Look through the entries below for the line with "কাশিয়ানীতে শীর্ষ মাদক" and the line with "Foto del edificio - 10832 Hawks Landing Rd", then give again exactly those two lines and all lines between them, minus the pictures.

━━━━━ THE RECORDS

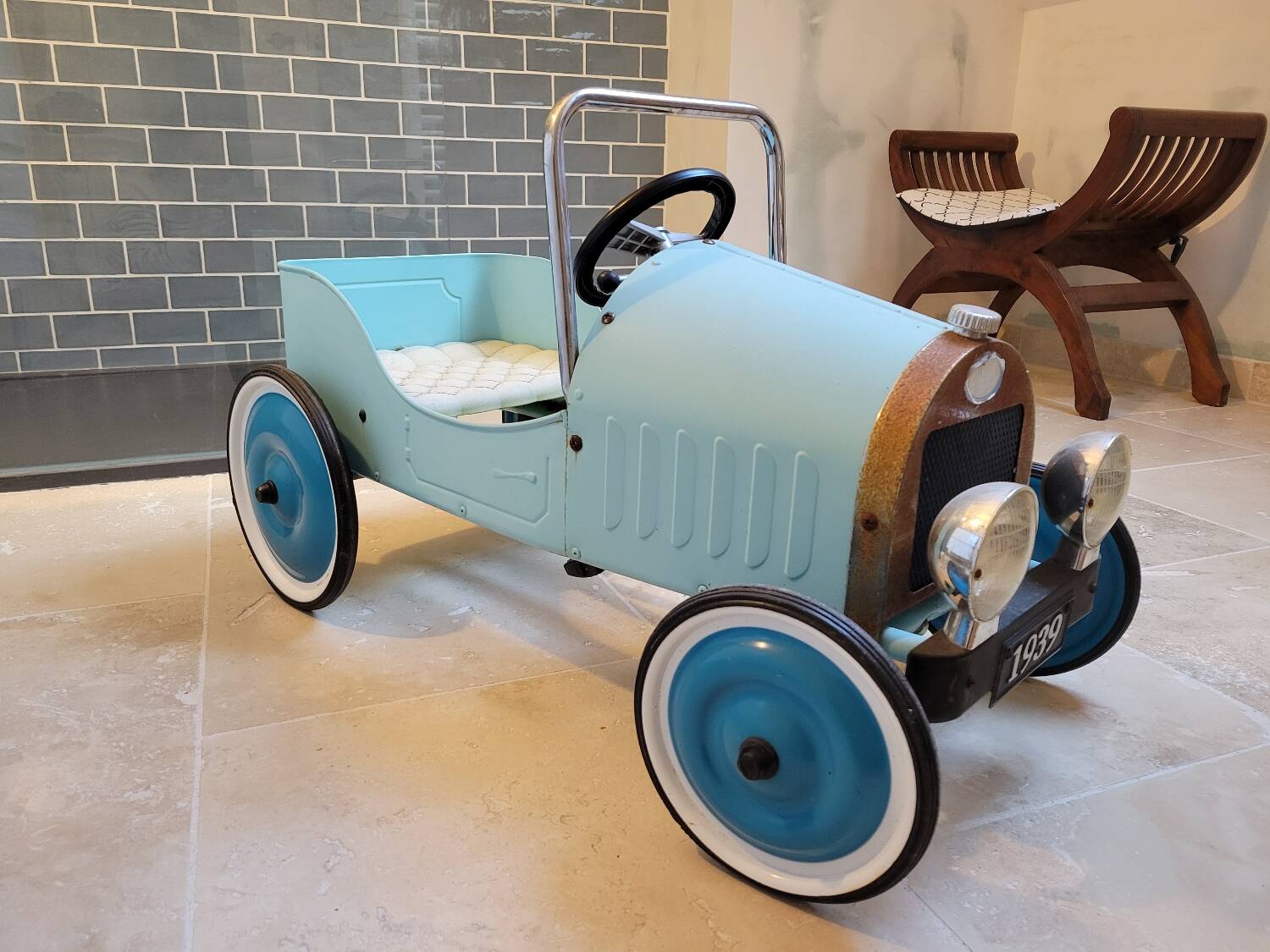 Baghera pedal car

━━━━━━━━━━
━━━━━ THE RECORDS

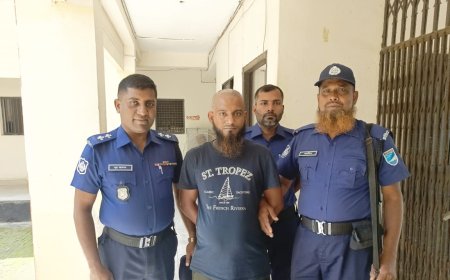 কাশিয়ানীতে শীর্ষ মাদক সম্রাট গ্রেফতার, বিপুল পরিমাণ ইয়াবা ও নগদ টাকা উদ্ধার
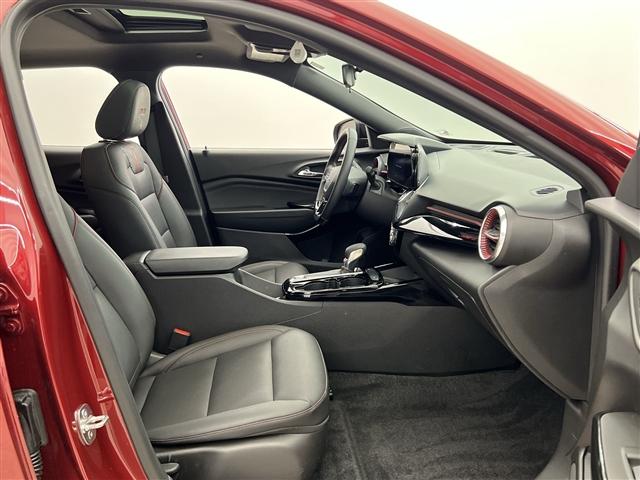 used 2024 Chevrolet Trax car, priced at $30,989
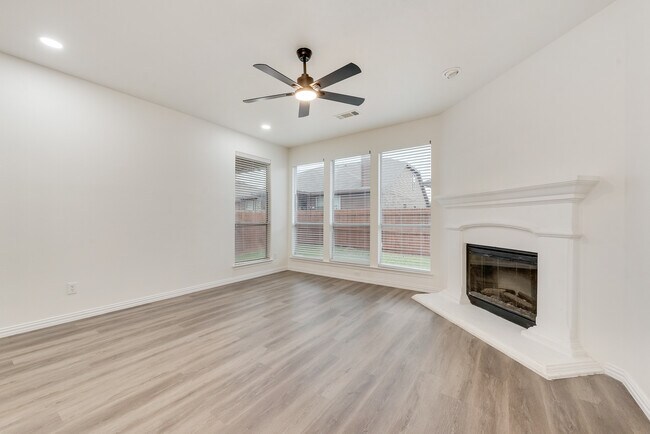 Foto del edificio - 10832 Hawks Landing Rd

━━━━━━━━━━

ANSWER TO THIS PROBLEM:
 কাশিয়ানীতে শীর্ষ মাদক সম্রাট গ্রেফতার, বিপুল পরিমাণ ইয়াবা ও নগদ টাকা উদ্ধার
 used 2024 Chevrolet Trax car, priced at $30,989
 Foto del edificio - 10832 Hawks Landing Rd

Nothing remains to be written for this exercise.